Souleymane Abdalla : Cela va permettre à deux pays africains de commercer sans tarifs douaniers, sur 90% des produits. Il y a quelques produits sensibles, que chaque pays définira selon sa souveraineté et ses intérêts stratégiques. Du coup, une entreprise installée dans un pays comme la Mauritanie pourra accéder à tous les marchés africains. C’est un marché de 1,2 milliard de consommateurs, avec une classe moyenne qui s’accroit de jour en jour. Et le produit intérieur brut cumulé est de l’ordre de 3000 milliards de dollars américains. C’est un marché énorme et autant d’opportunités d’investissements et d’emplois.

Initiativesnews : Et quels sont les obstacles auxquels pourrait être confronté la ZLECA ?

Souleymane Abdalla : C’est la plus grande zone de libre échange au monde, depuis l’OMC. Donc elle ne peut pas aller sans quelques défis. Les messages créés par nos pays sont clairs. Les chefs d’Etat sont prêts à abandonner une partie de leur souveraineté. Donc le message politique est clair. Mais il s’en suivra un manque à gagner au niveau des recettes, notamment les recettes de porte. Mais ça peut-être compensé par l’accroissement des entreprises qui vont accéder à un plus grand marché. Toutes les opportunités, les créations de valeurs régionales permettront aux Etats de profiter relativement des avantages de cette zone.

Initiativesnews : Comment peut-on estimer qu’un pays est bien préparé ?

Souleymane Abdalla : Il faut que le secteur privé soit au fait de la situation ; il doit être au même niveau d’information car c’est le secteur privé qui fait le commerce. Il doit être la force motrice et l’Etat doit l’accompagner. L’Etat a un rôle à jouer : amélioration du climat des affaires, procédures administratives allégées liées aux importations et il faut les rendre souples et accessibles au privé.

Il y a d’autres défis pour la première phase. La première phase s’est focalisée sur le commerce des biens et services entre pays. La seconde en cours de négociation porte sur les politiques de concurrence, les politiques d’investissement qui vont définir le cadre général d’investissement dans les pays et les droits de propriété intellectuelle. Cela permettra de compléter et de parachever tout le dispositif de la ZLECA. Et pour l’opérationnaliser un Secrétariat Général est en train de se mettre en place au Ghana. Il sera chargé de piloter le processus de la mise en œuvre effective de la ZLECA.

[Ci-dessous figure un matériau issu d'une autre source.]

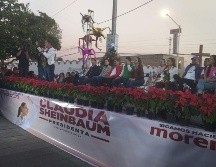 Sheinbaum resaltó que, la oportunidad de que Jalisco tenga una gobernadora beneficiará en que haya mejores gobiernos, mayores oportunidades, apoyos para adultos mayores, estudiantes y personas con discapacidad, entre otros grupos de la población. EL INFORMADOR / M. Hernández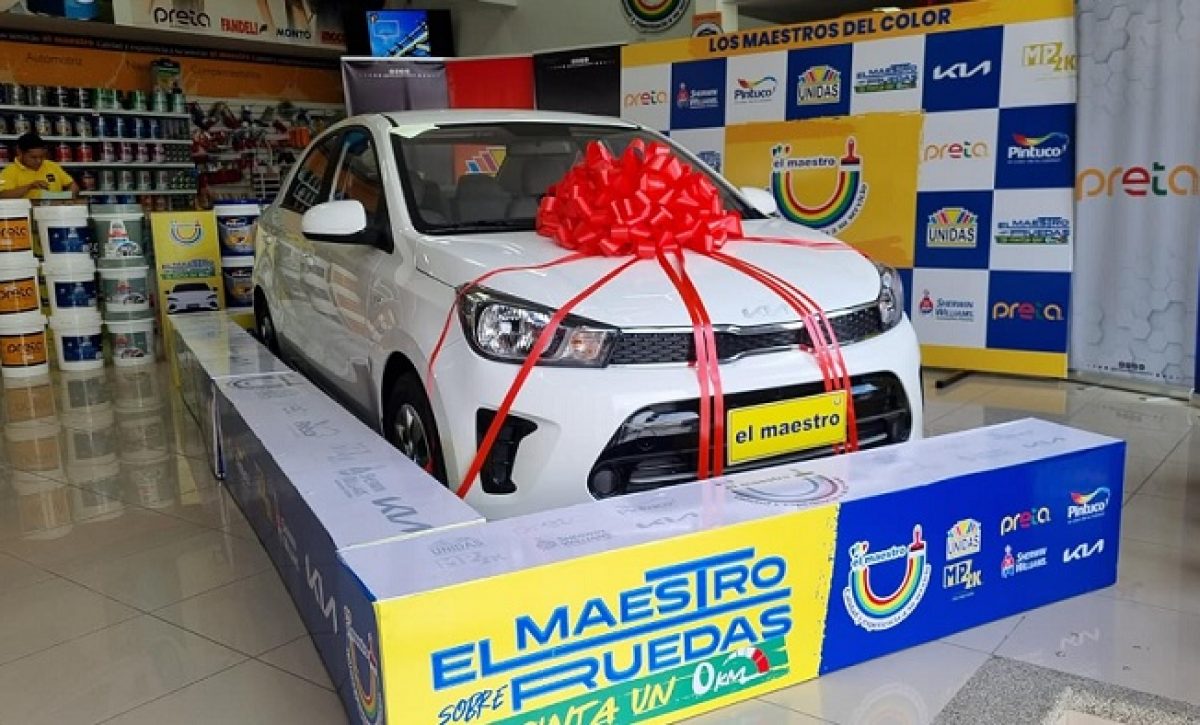 Clientes de Pinturas El Maestro participan en sorteo de Kia nuevo en Manabí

Initiativesnews : Un dernier mot ?

Souleymane Abdalla : Il faut insister pour que les Etats se préparent e préparent leur système productif. Si un Etat ne se prépare pas, ce sont les autres qui vont venir en profiter à sa place. Cela doit d’abord être un marché pour nous, avant les autres. Il faut que les Etats comprennent cette dynamique et s’y préparent en conséquence.